Dijelaskan, ada sebuah keluarga yang telah memiliki anak kandung kemudian mengadopsi anak lain. Dalam data administrasi catatan sipil, keduanya tercatat sebagai saudara kandung. Hingga saat keduanya memutuskan menikah, seolah-olah terjadi pernikahan sedarah. Padahal mereka tidak ada hubungan darah sama sekali.
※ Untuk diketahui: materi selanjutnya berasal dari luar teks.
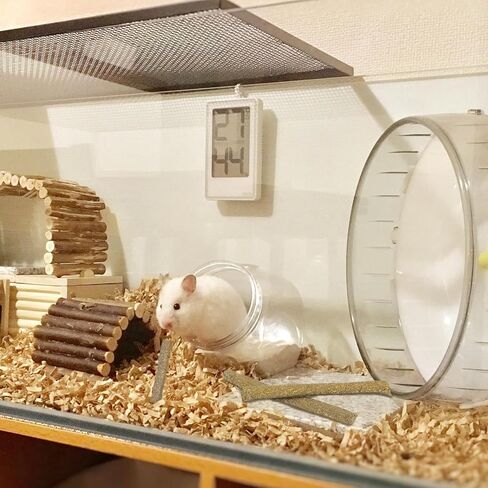 arespark تيموثي القش العصي للأرانب 50pcs، خنازير غينيا الأرانب الهامستر مضغ اللعب، الطبيعية تيموثي العشب المولي الأسنان طحن يعامل للحيوانات الصغيرة يعامل in Kuwait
“Ini terjadi akibat kurangnya kesadaran masyarakat tentang pentingnya keakuratan data di catatan sipil. Sedikit saja kekeliruan akan menjadi masalah di kemudian hari. Di sini, pemerintah melalui dinas terkait harus turun tangan dengan memberikan sosialisasi kepada masyarakat. Sehingga tidak terjadi lagi kekeliruan serupa atau hal lainnya,” ujar Haji Uma.[]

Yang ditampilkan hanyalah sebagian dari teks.